■ **DATASET RECORDS**:

————————

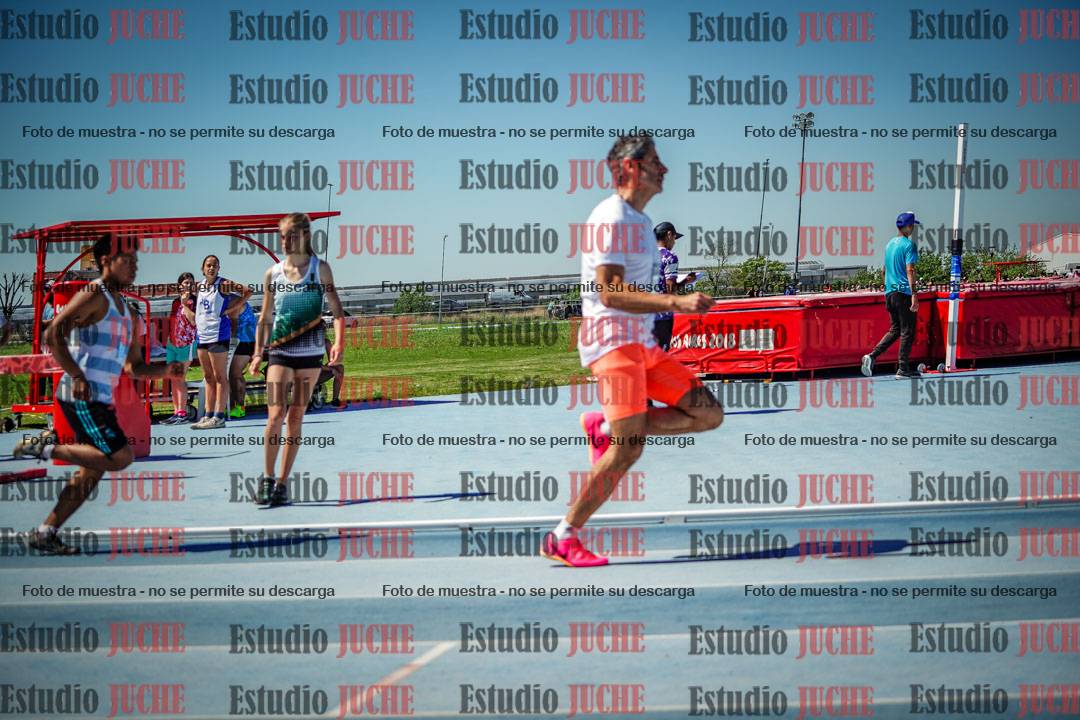 Fotos de los 800 m llanos de varones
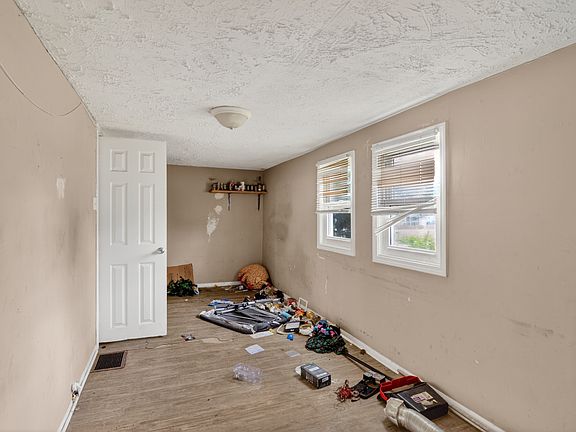 4th image of 3711 N Butler Ave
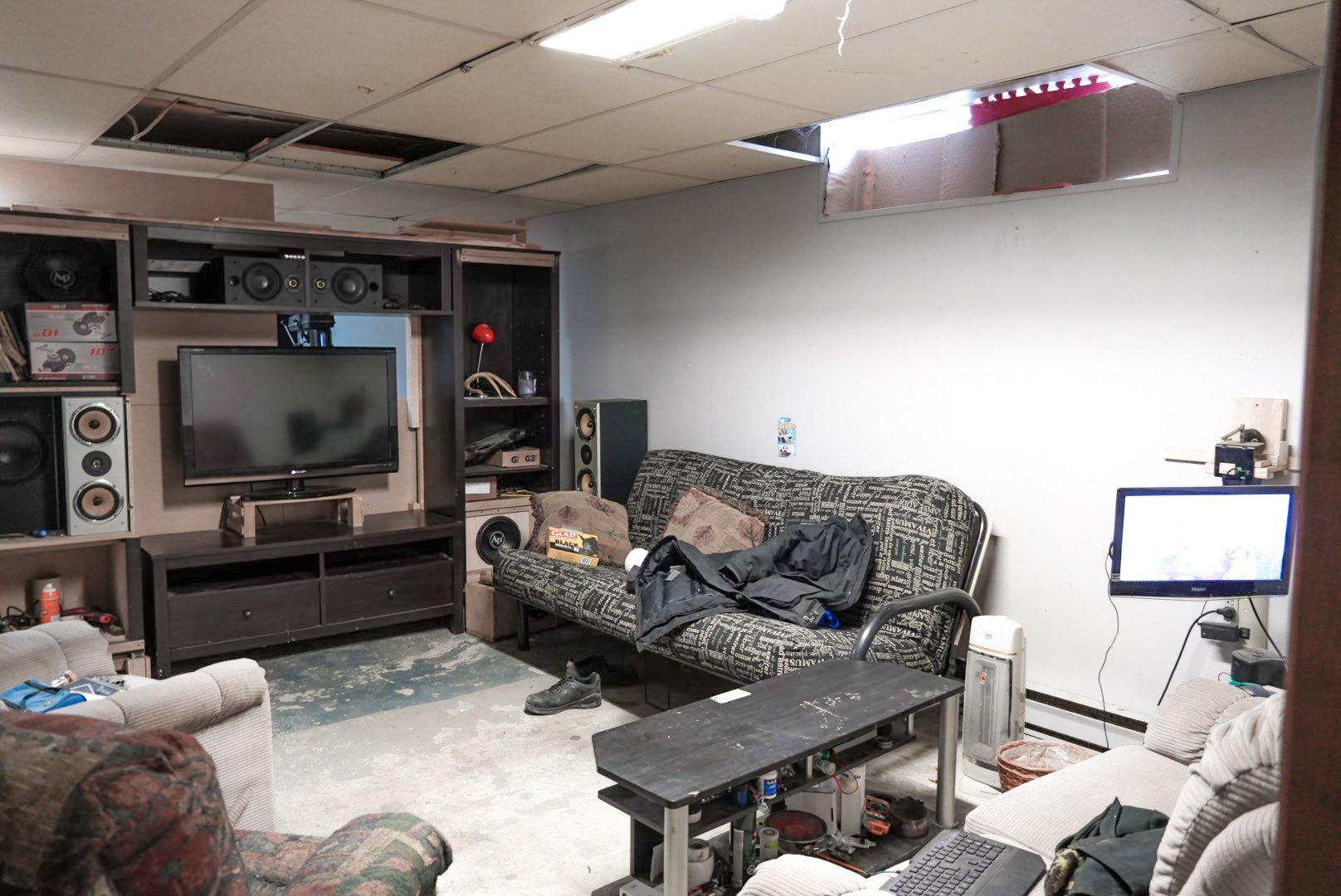 









1100


Route Ducharme

,
Saint-Roch-de-Mékinac,




QC
G0X3G0


————————

■ **DESCRIPTION OF THE TASK**: Repeat the material above in full and unchanged, minus its images.

■ **COMPLETED TASK**:
 Fotos de los 800 m llanos de varones
 4th image of 3711 N Butler Ave









1100


Route Ducharme

,
Saint-Roch-de-Mékinac,




QC
G0X3G0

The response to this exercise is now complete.